Congress should direct the National Academy of Sciences to examine the challenges open-access publishing raises in the US and suggest ways to address those issues, writes Michael Lubell, the director of public affairs of the American Physical Society and City University of New York professor, in a blog post at The Hill.
A bill in the US Senate, S. 779, also known as the Fair Access to Science and Technology Research (FASTR) Act, aims to make federally funded research publicly available. That way, proponents of the bill say, taxpayers who fund research don't have to pay again to see its outcomes. The bill would apply to any researcher working for or funded by a federal agency with a budget greater than $100 million and require those researchers to submit any accepted peer-reviewed paper to a digital repository and enable public access to the manuscript within a year of its publication.
Lubell argues, though, that requiring papers to be freely available to the public will only shift the cost on to researchers and that that cost won't be spread evenly among investigators. The average National Science Foundation grant is $130,000, he notes.
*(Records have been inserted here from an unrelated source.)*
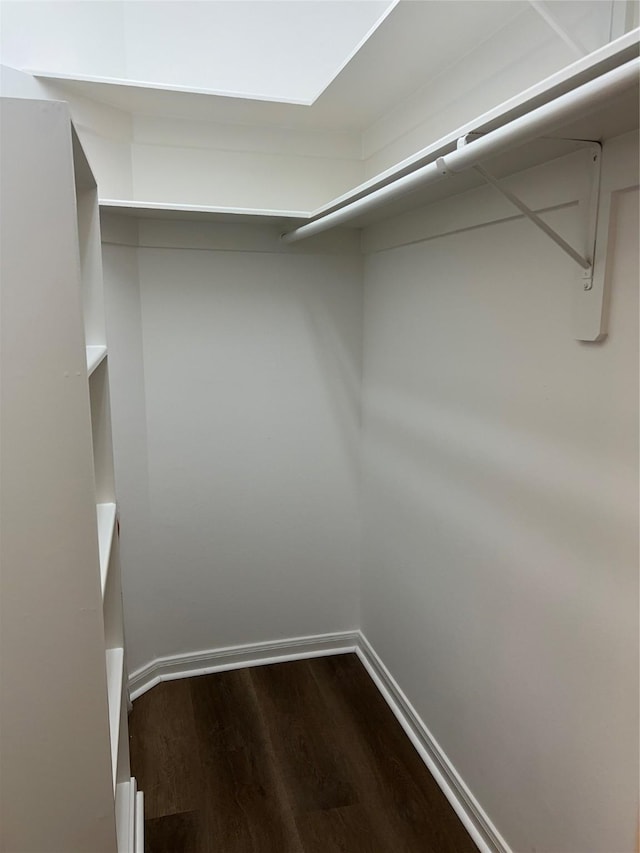 walk in closet with hardwood / wood-style flooring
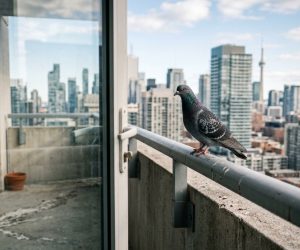 The Pigeon War: Why April is the Most Important Month for Your Balcony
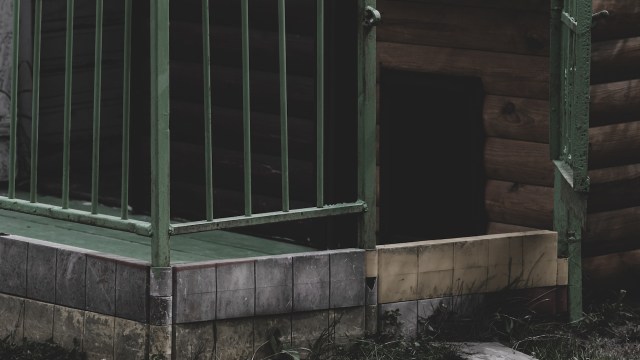 Keeping a wild animal as a pet can be problematic for several ethical and environmental reasons.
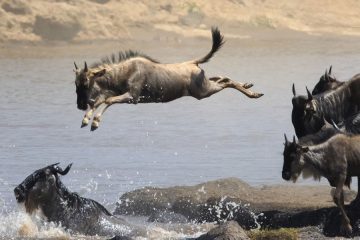 6 Days 5 Nights Lodge Safari the Big Migration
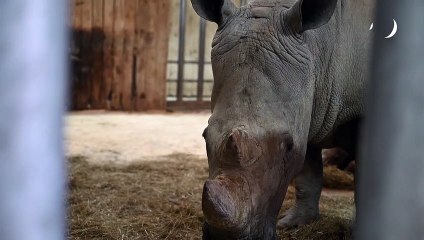Naissance d'un bébé rhinocéros au zoo d'Amnéville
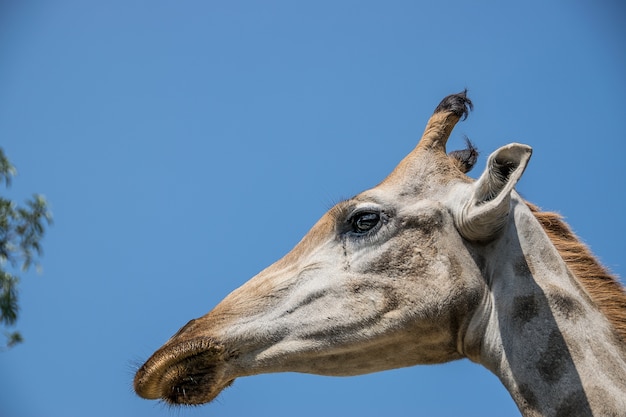 Giraf met blauwe hemelachtergrond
Paying open-access publication fees, which he says can reach $3,000 per article, would result in this average lab allocating nearly 10 percent of its grant fees. At the same time, Lubell notes that some fields — particularly in his field of physics — receive smaller grants, but publish the same number of papers, driving up the portion of their grant researchers would have to set aside for fees.
The three outcomes he envisions as a result of such a bill —increased federal research funding to cover costs, outside funding sources to cover fees, or decreased research quality — all present challenges. To that end, he suggests that Congress ask the National Academies to look into it and propose solutions.